Page:Louÿs - Œuvres complètes, éd. Slatkine Reprints, 1929 - 1931, tome 9.djvu/226

La bibliothèque libre.
Le texte de cette page a été corrigé et est conforme au fac-similé.

Oh ! non… non… Pas si haut. Dieu ! que je suis orgueilleux, et fat, et vain surtout.

Tout ce que je voudrais (et c’est le monde que cela), ce serait de faire un jour… plus tard… une cinquantaine de jolies poésies… point transcendantes, point philosophiques, sans prétention aux rimes riches, aux rythmes savants. (La France a assez des Banville. Un Musset serait le bienvenu.) Je ferais « rimer idée avec fâchée ». Qu’importe ! Sottises que cela. C’est l’harmonie du vers qui fait tout, avec l’émotion de la pensée.
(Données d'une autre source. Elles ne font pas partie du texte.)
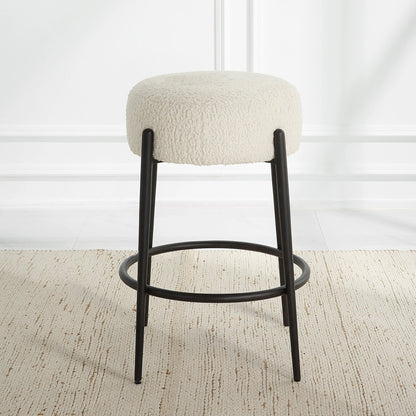 Arles Plush Counter Stool by Uttermost in white and satin black. Made from hardwood, plywood, fabric, metal, foam in a modern style.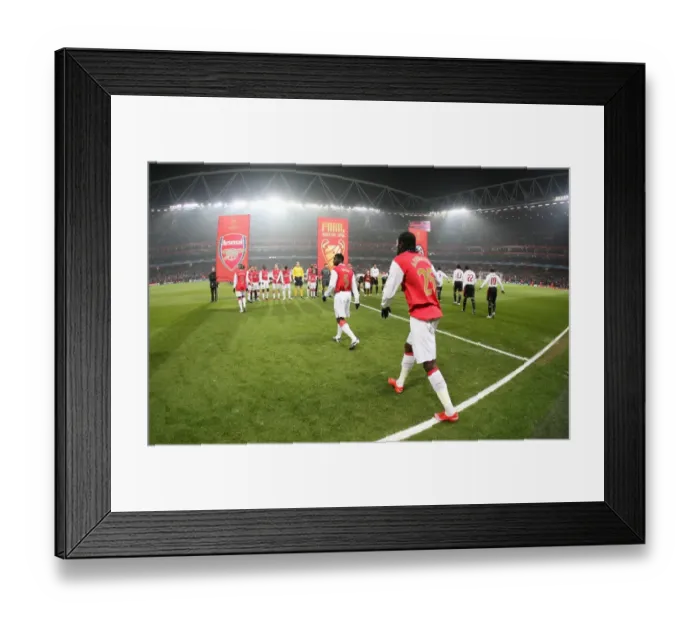 Framed Print : The Arsenal team walk onto the pitch before the match
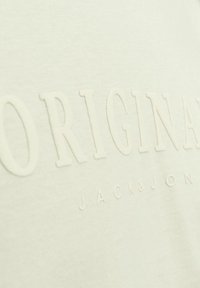Cămașă tip T de culoare bej deschis, confecționată din bumbac, cu inscripții în relief "ORIGINAL" și "JACK&JON". Textură netedă cu un design casual.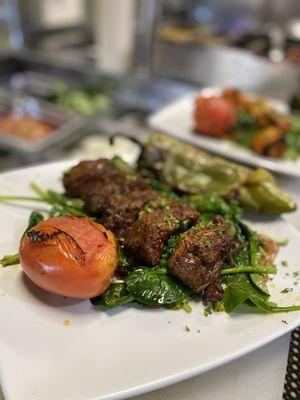 Filet Mignon Kebab over Mediterranean spinach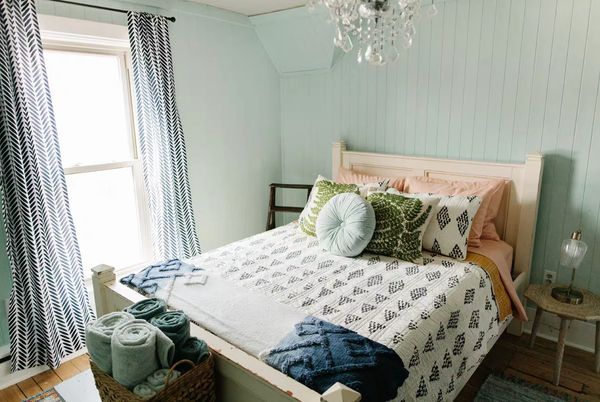 Cozy bedroom with patterned bedspread and decorative pillows.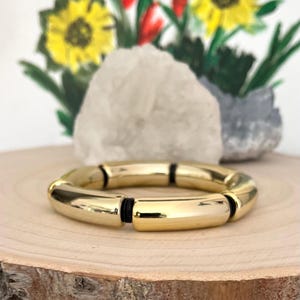 May include: A gold-toned bracelet composed of smooth, cylindrical metal beads alternating with small, thin black spacers. The bracelet features a polished, reflective finish and is arranged in a circular shape on a light-colored wooden surface.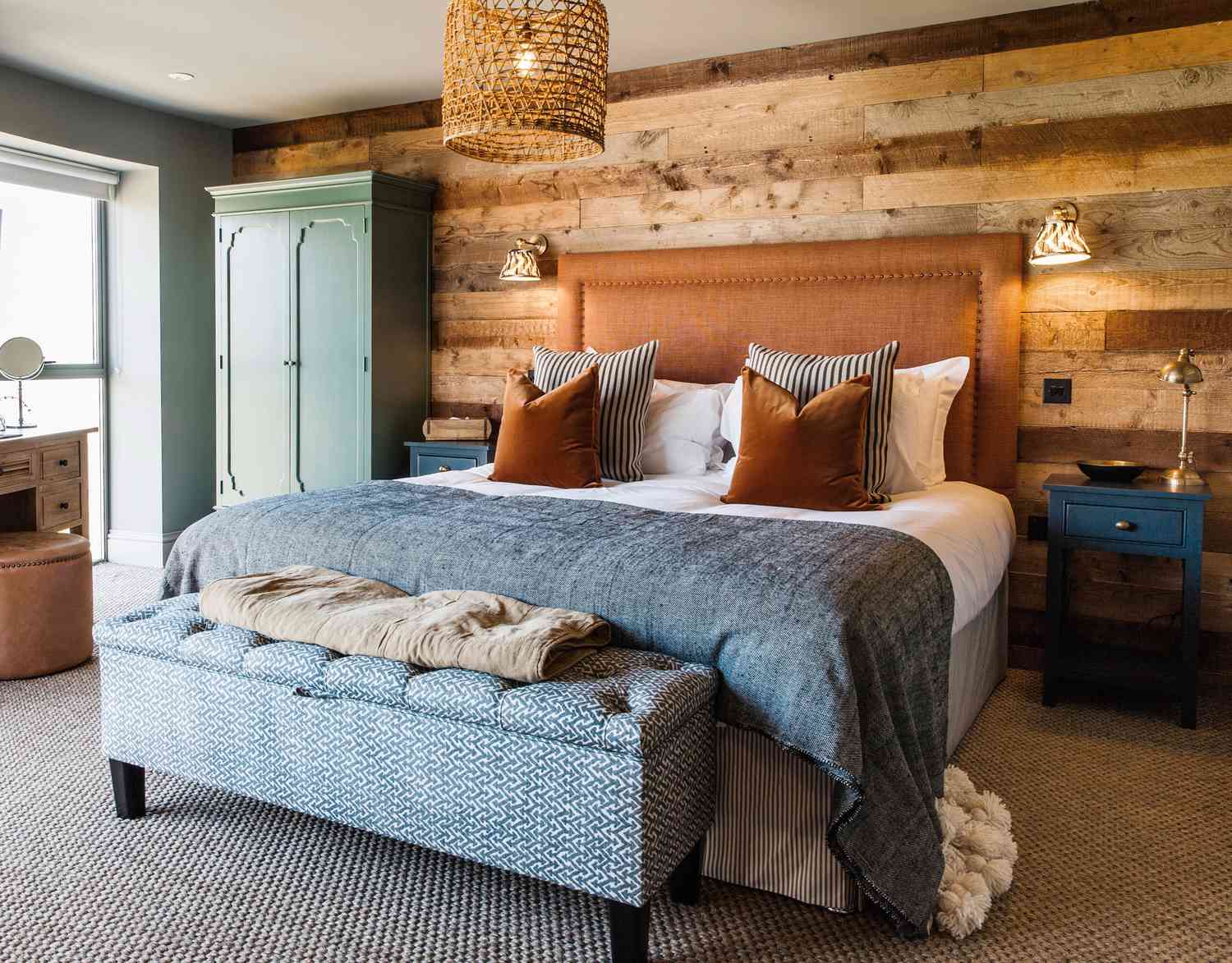 15. Distressed Wood Wall & Eclectic Comfort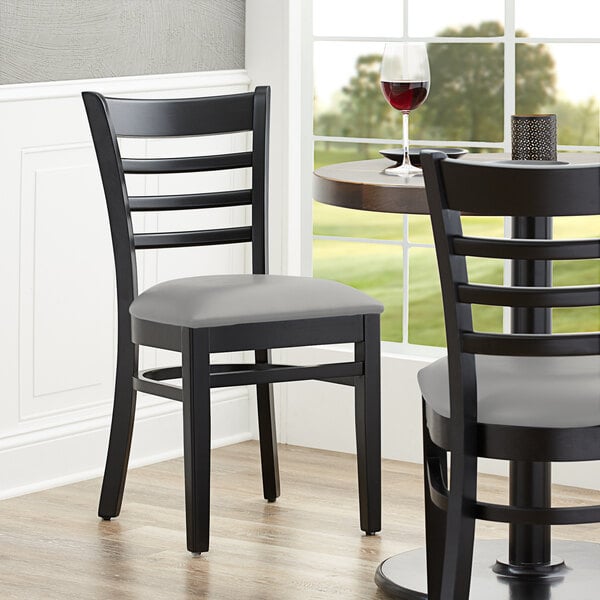 A black Lancaster Table & Seating wood ladder back chair with a light gray vinyl seat at a table in a restaurant.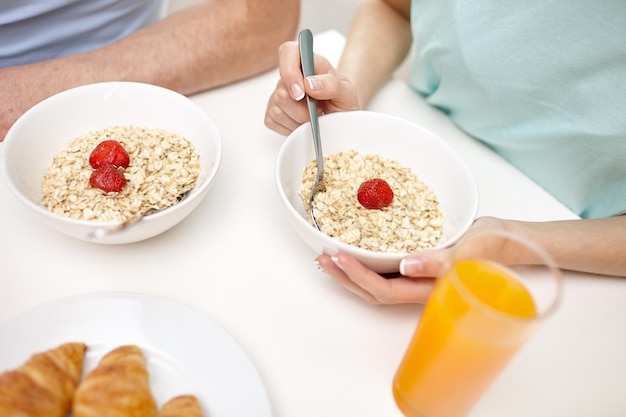 Foto comida, alimentação, pessoas e conceito de comida saudável - close-up de casal tomando café da manhã em casa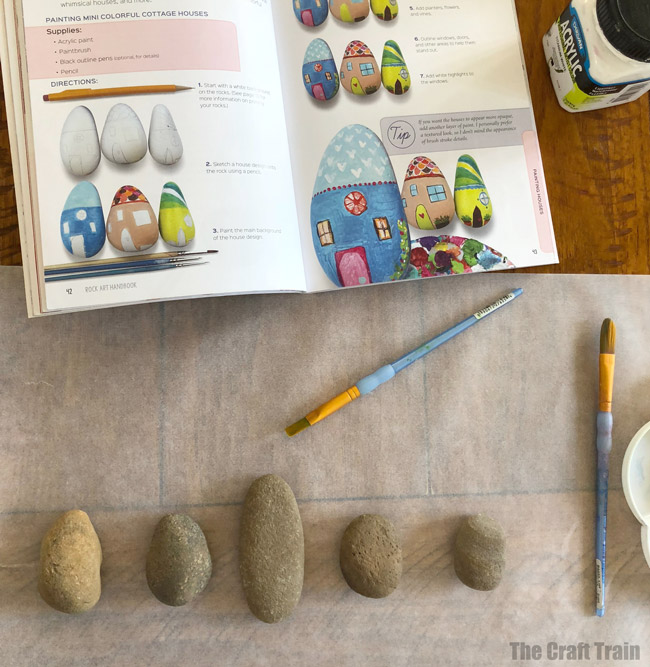 Gorgeous rock painting idea from the Rock Art Handbook by Samantha Sarles. Turn Rocks into miniature houses #rockpainting #Therockarthandbook #kidscrafts #rockpainting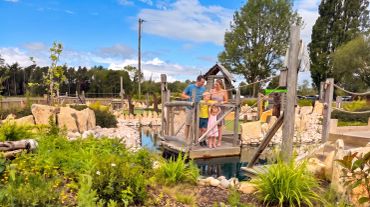 Family enjoying outdoor play area on a sunny day. Stonebridge Adventure Golf course near Birmingham West Midlands
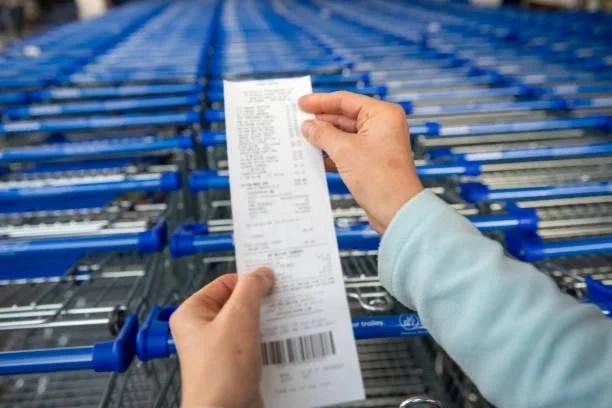 Image of someone holding a receipt in front of a row of shopping trolleys. Loyalty cards aren’t always the cheapest option. 6 fool-proof ways to save on your weekly food shop. Food bank referrals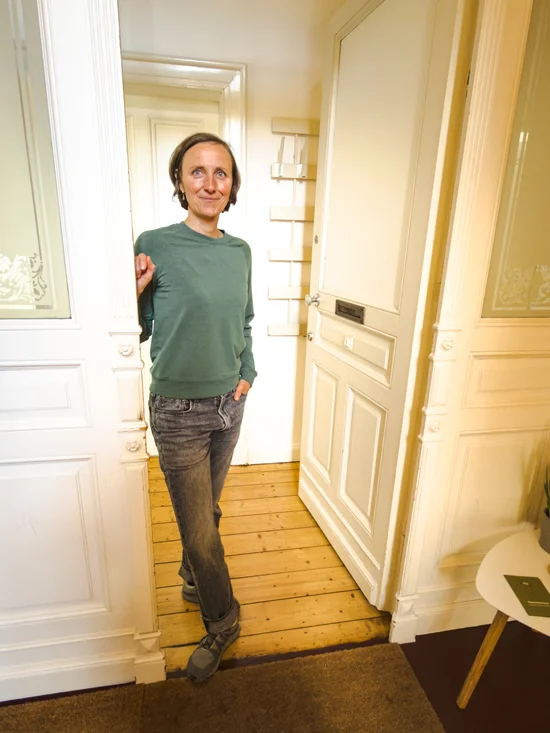Therapeutin steht entspannt an der Eingangstür der Praxis, eine Hand in der Hosentasche. Sie schaut leicht seitlich, die Altbauarchitektur mit verzierten weißen Türen ist im Hintergrund sichtbar.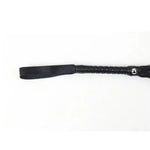 Black leather spanking crop with handle and wrist loop on white background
Je voudrais donc avoir fait, quand je mourrai, cinquante jolies choses, groupées sans ordre dans un petit volume de poche in-32, et que ce recueil, tout moi, tout mon être, ce recueil fût feuilleté, et lu, et relu le matin d’un jour d’avril, par quelque jeune fille aimante et douce attardée au lit, et qui en retourne les feuillets dans l’odeur chaste de ses draps blancs. Je voudrais que cette jeune fille, émue par mes vers, mes idées, oh… que cette jeune fille dise : Non, que cela est beau ! mais, que cela est joli ! et que, vaguement émue, troublée peut-être, rêvant on ne sait quoi, laissant errer dans l’incertain la « langueur tranquille de ses yeux », la tête encore bourdonnante des vers aimants qu’elle a lus, elle songeât peut-être un peu à celui qui les a faits[1].

  1. C’est égal, mon idéal a fait de jolis progrès depuis. J’étais propre dans ce temps-là ! avril 90. — Je suis pourtant revenu de ces idées-là. Déc. 97.